What Is the Barmen Declaration? A Complete Introduction

Ordained Minister, M.Div.
March 21, 2026

In May 1934, as the Third Reich tightened its grip on German society, a group of Protestant pastors and theologians gathered in the city of Barmen to do something radical: confess their faith. The result was the Theological Declaration of Barmen — six theses grounded in Scripture, each affirming the lordship of Jesus Christ and rejecting the accommodation of the church to National Socialist ideology.
The Crisis That Demanded a Confession
When Hitler became chancellor in 1933, a movement called the 'German Christians' (Deutsche Christen) gained power within the Protestant church. They wanted to align Christianity with National Socialism — introducing racial purity requirements for clergy, replacing Old Testament readings with Nazi ideology, and subordinating the church's authority to the state. They saw Hitler as a new kind of revelation.

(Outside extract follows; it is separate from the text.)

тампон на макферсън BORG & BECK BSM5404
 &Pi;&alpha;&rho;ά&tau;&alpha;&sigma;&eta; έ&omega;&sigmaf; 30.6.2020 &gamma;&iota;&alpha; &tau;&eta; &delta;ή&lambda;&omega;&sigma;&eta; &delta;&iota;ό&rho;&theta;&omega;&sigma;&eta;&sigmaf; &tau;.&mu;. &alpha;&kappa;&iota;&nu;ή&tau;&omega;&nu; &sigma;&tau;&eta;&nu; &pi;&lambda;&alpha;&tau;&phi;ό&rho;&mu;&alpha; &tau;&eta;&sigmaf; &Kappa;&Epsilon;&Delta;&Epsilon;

In response, a network of pastors, including Martin Niemöller, formed the Pastors' Emergency League, which eventually became the Confessing Church (Bekennende Kirche). They refused to accept the German Christians' takeover — and at Barmen, they put their refusal in writing.
Karl Barth's Pen
The declaration was drafted primarily by Karl Barth, the Swiss Reformed theologian who was then teaching at Bonn. Barth later recalled writing the document in one sitting, sleeping briefly, then revising. He was the right man for the moment — his theology of the Word of God, developed in his massive Church Dogmatics, had already established Christ as the sole ground of Christian knowledge. Barmen simply applied that conviction to the crisis at hand.
Six Theses, One Lord
Each of the six theses follows the same pattern: a Scripture passage, a positive affirmation of Christian truth, and a formal rejection of a false teaching. Thesis 1 declares that Jesus Christ is the one Word of God — no other voice, power, or historical figure may stand beside him as a source of revelation. Thesis 5 directly addresses the state, affirming its limited God-given role while rejecting totalitarianism. Thesis 6 insists the church exists only to proclaim free grace.
A Confession for All Time
Though born in a specific crisis, the Barmen Declaration has proven to have lasting relevance. The Presbyterian Church (USA) included it in its Book of Confessions in 1967. Churches in South Africa invoked it during apartheid. Theologians invoke it today whenever governments demand that churches bless their agendas. It is a model of what it looks like when the church remembers who its Lord is.